En contrebas, accessible par un sentier serpentin escarpé qui descend du village, se trouve l'endroit que la population locale appelle Wadi al-Baqar (la vallée du bétail) - l'endroit d'où, au fil des ans, trois jeunes hommes de la région ne sont jamais revenus vivants. Le 13 mai 2010, Aysar al-Zaban, 15 ans, a été abattu par des colons ; le 5 novembre 2022, Musab Nafal, 18 ans, a été tué et son ami grièvement blessé par des soldats en embuscade qui ont ouvert le feu sur eux ; et le 19 janvier 2024, il y a deux semaines, Taoufik Abdeljabbar - un adolescent à lunettes, un gentil garçon de l'État du Bayou - est devenu la dernière victime en date. Des colons et des soldats étaient présents sur les lieux, et l'on ne sait pas exactement qui a tiré au moins 10 balles sur la voiture qui passait. Selon un témoin oculaire, c'était les deux.

Lundi dernier, alors que nous nous rendions à Al-Mazra’a ash-Sharqiya, peu après avoir traversé Silwad, nous avons appris que les soldats d'un convoi qui passait juste après nous, avaient abattu un adolescent qui avait peut-être jeté des pierres sur les véhicules. Cet après-midi-là, lorsque nous sommes repassés par Silwad pour retourner à Tel Aviv, tous les magasins étaient fermés en signe de deuil et de protestation. Le même jour, cinq jeunes Palestiniens ont été tués de la même manière en Cisjordanie, dans des incidents qui n'ont pratiquement pas été couverts par les médias israéliens.

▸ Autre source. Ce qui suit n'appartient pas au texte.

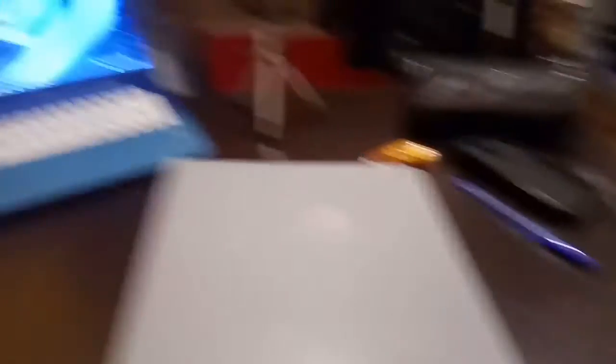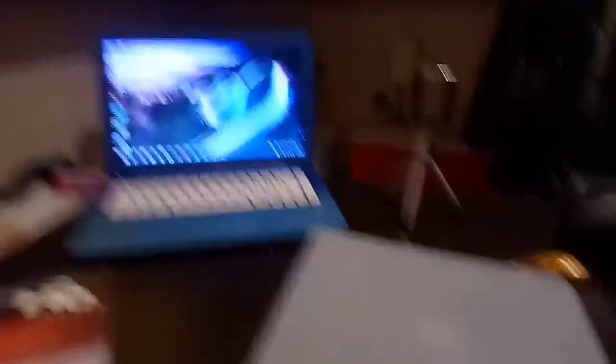Ngayon, gagawa pa lang ako ng assignment. Nakaready ang aking computer for the research. Let's start — mabilisan lang yan.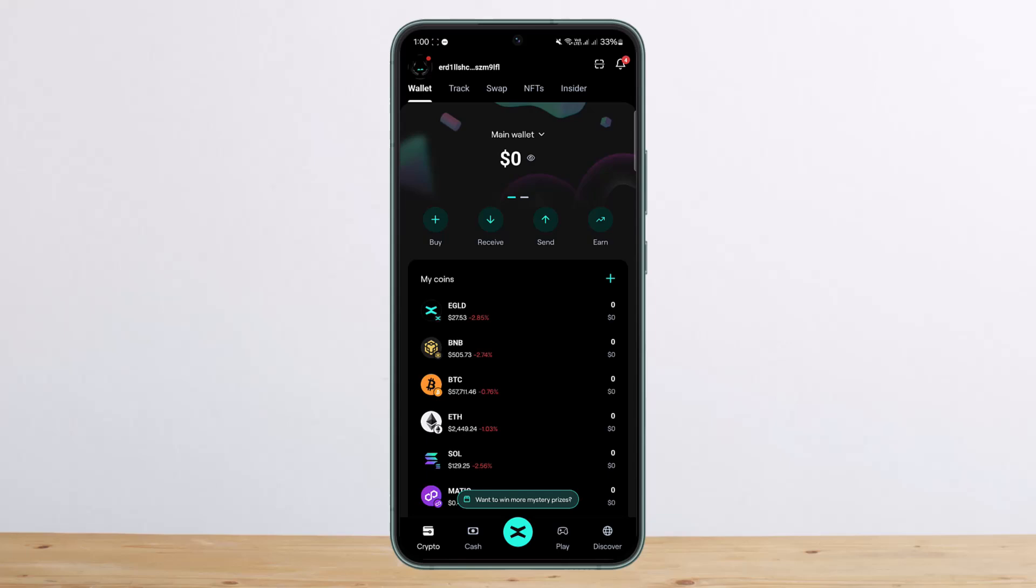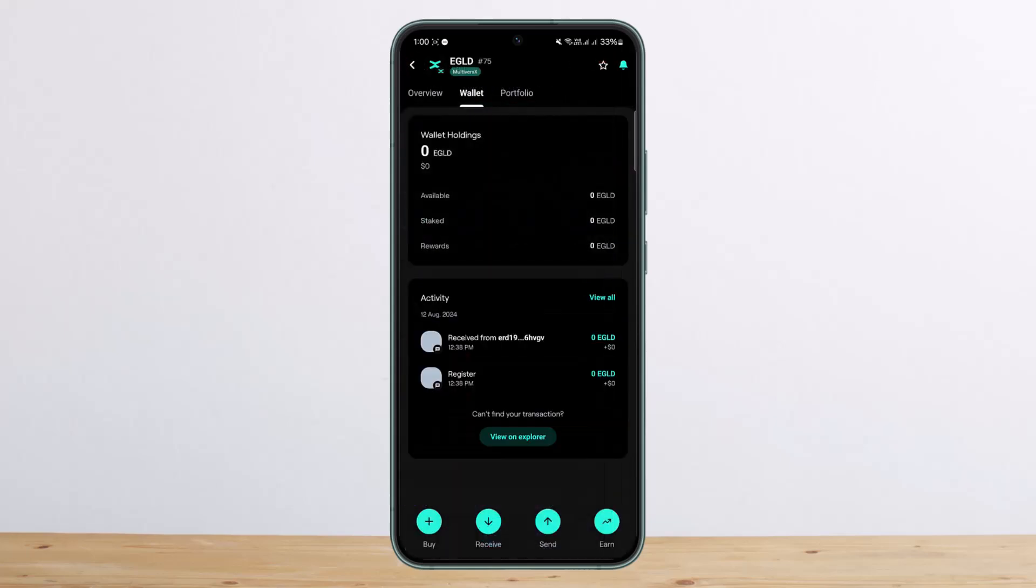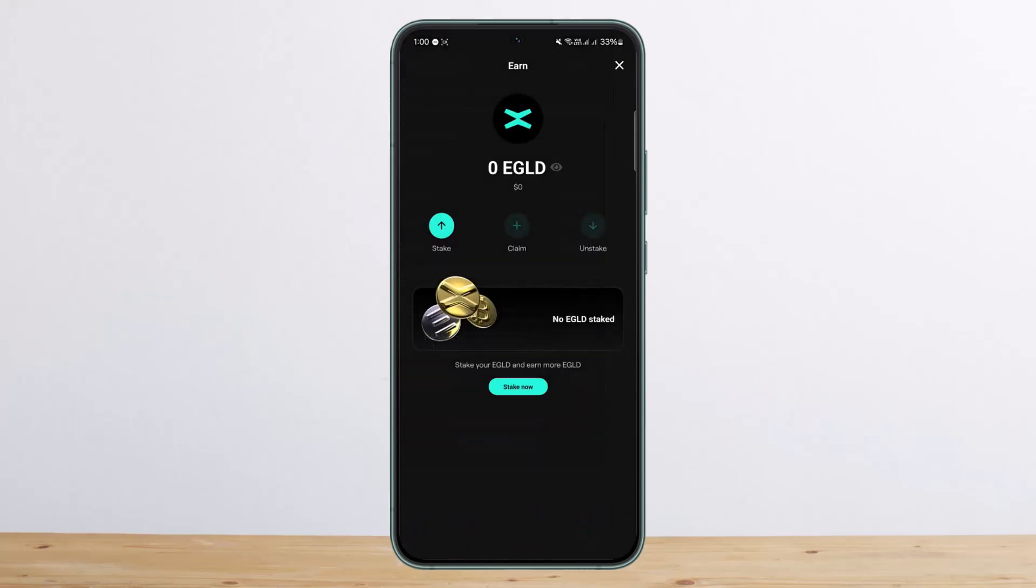So here you can see EGLD. If you tap on it, you'll need to have at least one EGLD, and you can easily go ahead and tap on Earn. I've already made a video on how you can get EGLD on the X Portal or the Maiar app, so you can check it out.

La maison de la famille à Al-Mazra’a ash-Sharqiya

De retour dans la maison endeuillée des Abdeljabbar, Hafeth, 41 ans, et son frère Rami, 47 ans, parlent couramment l'anglais usaméricain. Rami a été le premier à quitter la Cisjordanie pour s'installer aux USA y a 30 ans. Deux ans plus tard, ses deux frères et leurs familles l'ont rejoint. Hafeth et Rami ont ouvert leur chaîne de magasins et ont prospéré. Tous les deux ou trois ans, Hafeth et sa femme ramenaient leurs cinq enfants au pays, à Al-Mazra’a ash-Sharqiya,. En mai dernier, ils ont décidé de rentrer pour de bon. « Je voulais donner à mes fils ce que j'ai : des racines », explique le père.

Hafeth avait d'abord espéré que Taoufik resterait à la Nouvelle-Orléans pour y terminer ses études secondaires, mais le jeune homme, qui avait eu 17 ans en août, a insisté pour rentrer avec le reste de la famille. Le moment venu, a-t-il dit, il irait à l'université aux USA : son rêve était de travailler à la NASA. En attendant, il prévoyait de suivre des cours d'ingénierie à l'université voisine de Bir Zeit, afin de découvrir la vie en Palestine. Il poursuivrait ensuite ses études à la Nouvelle-Orléans.